USCA actress gets invite to national festival
In her still-brief career as an actor, USC Aiken senior CiCi DeJesus has enjoyed one signature moment.
She's the first one on stage in the recent university production of the offbeat comedy/drama "The Clean House." DeJesus proceeds to tell a joke - in Portuguese. No one in the audience understands a word it, but that doesn't stop them from laughing.
A few weeks later in February at a regional event in Tennessee for the Kennedy Center American College Theater Festival, a national selection team and national director Greg Henry enjoyed DeJesus' performance, too. She is one of three students nationally to get invitations to the festival in Washington, D.C., on April 14-18.
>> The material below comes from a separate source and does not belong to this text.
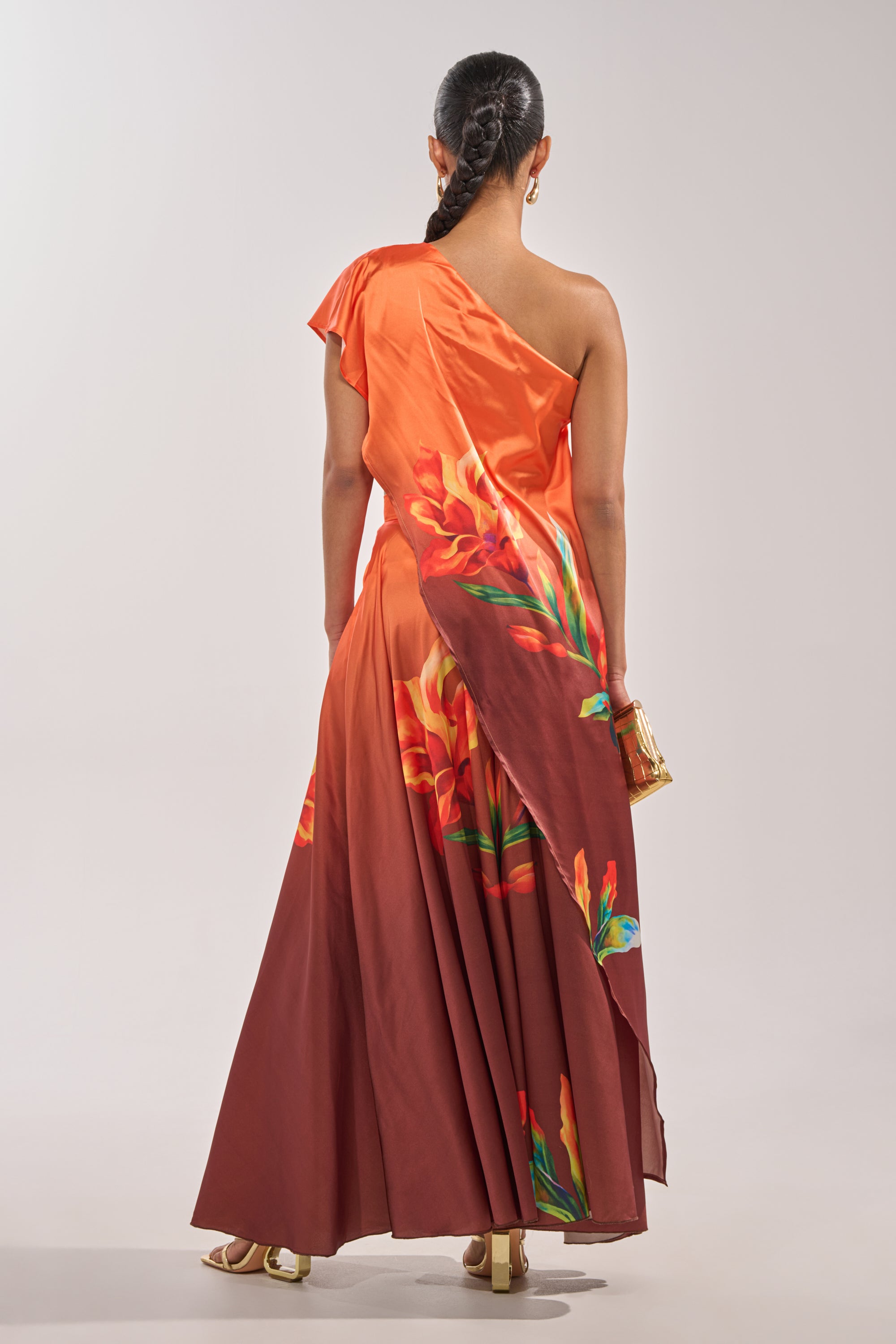 A woman with a braided ponytail stands facing away, wearing the SUNSET LOVER BLOUSE in orange and maroon floral print, paired with gold heels and holding a small gold clutch. 6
"It's thrilling for CiCi to get this opportunity," said USCA professor Dewey Scott-Wilson. "I never heard of anybody to get hand-picked like this. She'll get to participate in all the activities and can audition for the 10-minute play festival and attend acting master classes."
Not surprisingly, DeJesus said she started screaming hysterically when she heard the good news over spring break.
"I'll get to meet with professional actors one on one and get to see all the (festival) shows that week," she said.
Her mother, Damaris, is from Puerto Rico, and her father, Regino, born in the United States, also has family from there. DeJesus lived in Puerto Rico during elementary and middle school.
Her dad was in the Coast Guard, and the family also lived in Alabama, Tennessee, California, Virginia and Florida. DeJesus' first theater role was a challenge - Helen Keller, the blind and deaf child in "The Miracle Worker." That really started the spark, she said.
Her parents moved to North Augusta three years ago, and, at the time, DeJesus was more interested in a nursing career. But she got a role in USCA's "10-Minute Play Festival," and Scott-Wiley said everyone was wondering, "Who is this girl?"
Two children's plays followed and then the dream role in "The Clean House."
DeJesus called it the hardest role she's ever done. She speaks Spanish but had to get help learning Portuguese. The play was one of four chosen among 200 college productions to go to the regional festival at East Tennessee State. DeJesus admits she was petrified about performing there, but everybody worked together and did well.
"I was so proud to represent USCA," she said. "Our department is so small, but we get this great interaction with all the professors. They have the time to tell us what we're doing wrong and how we can improve."
When she graduates in December, DeJesus will seek professional work. If that doesn't work out, she'll consider a master's degree in theater and a teaching career at the college or high school level. But surely she would like a shot at a Broadway musical. DeJesus laughed at the idea.
"I can't sing a note," she said. "I've done a musical, but that was in the chorus. Of course, my mother thinks I sing like an angel, but that's my mother."